With hurricane season set to start June 1, St. Charles Parish President Albert Laque expressed extreme frustration in trying to complete a hurricane protection levee for the parish's vulnerable southern flank, the west bank. This is especially taxing, considering the near miss St. Charles Parish experienced with Hurricanes Katrina and Rita.
"We were lucky last year," said Public Information Officer Steve Sirmon, adding that time is not on the parish's side.
"The west bank hurricane levee is a work in progress," said Laque, adding that another 2 to 3 years would be needed to complete the Category 3 project.
Laque said that the biggest problems the parish faces in completion are the bureaucratic red tape that must be followed and raising the large amounts of money. Even with the renewed sense of urgency, parish officials are encountering the same obstacles as before.
Without the hurdles, Laque states emphatically a hurricane protection levee would have already been completed. "We are building it ourselves; the levee board is building it for us with taxes that St. Charles Parish collects," said Laque.
In terms of federal assistance, St. Charles Parish is currently on its own with the west bank hurricane protection levee, "As opposed to the east bank, which was an (Army) Corps of Engineers project and was federally funded," said Sirmon. It is the snail's pace with which these projects progress that aggravates Laque and Sirmon, as Sirmon noted that it took 30 years for the Corps to begin the east bank project.

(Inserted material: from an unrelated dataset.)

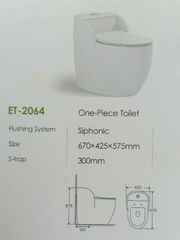 Bồn cầu liền khối trắng chỉ vàng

On the federal level, Laque believes that the parish is lost in the shuffle, as most attention is paid to those hurricane-ravaged areas, such Orleans and St. Bernard Parishes and Louisiana's notorious repetition for corrupt politicians, thus hurting its chances for getting funding from Washington. These factors are key in Laque's reluctance to join Governor Blanco’s consolidation of levee boards, saying that the Lafourche Board does all that it can.

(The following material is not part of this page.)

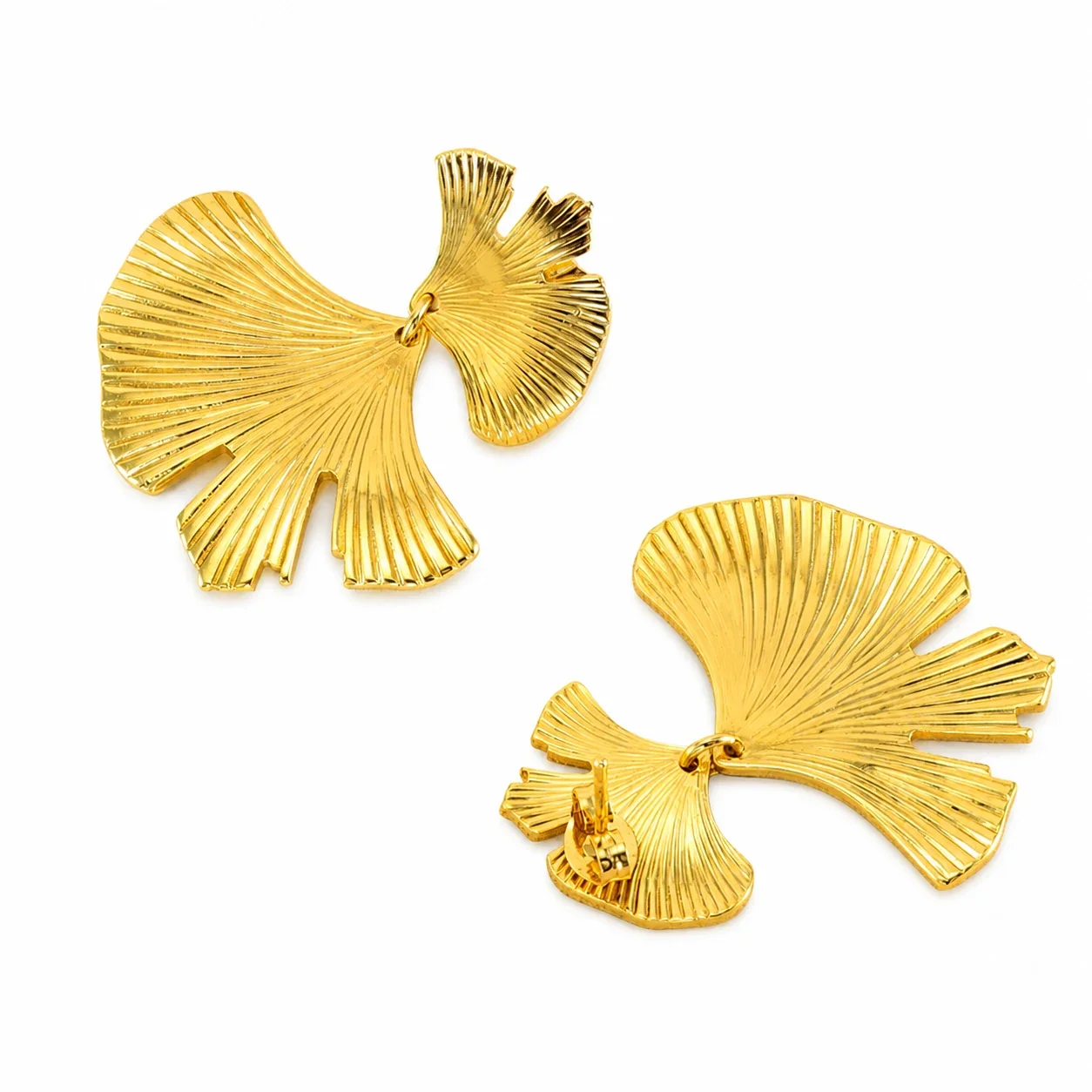 Sculptural Gold-Plated Ribbed Ginkgo Leaf Drop Earrings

While St. Charles Parish has its own protection plan, the Corps has other plans. The Corps is in the feasibility stage of planning a Donaldsonville to the Gulf of Mexico hurricane project -- an all-together separate plan. In two cases, the Corps' plan could incorporate some of the west bank levee, however this project will take years to complete, as Army Corps Project Director Frank Duarte noted that the feasibility study would last until 2007. Duarte could not say with certainty when groundbreaking would begin.
According to Laque, St. Charles Parish can't wait, as another hurricane season looms in the distance. Laque said that the hurricane protection levee has been his main priority, beseeching federal and state politicians for assistance.

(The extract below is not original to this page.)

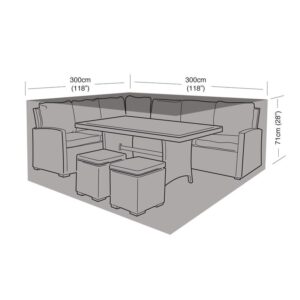 Super Tough Large Square Casual Dining Set Cover - Black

"We got to take care of the alligators, coons and the possums rather than the people. That is the position (the Corps) takes," said Laque, citing the environmental hurdles that the parish must mount in order to construct the levee. Due to wetland protection acts from Congress and for each acre purchased, Laque said that the parish must pay up to $8,000 for mitigation costs. These fees are taken away from actual construction, further delaying progress.
Duarte said that he understood Laque’s frustration, but added the Corps must follow federally mandated procedures. Of those, environmental laws regarding wetlands take precedent.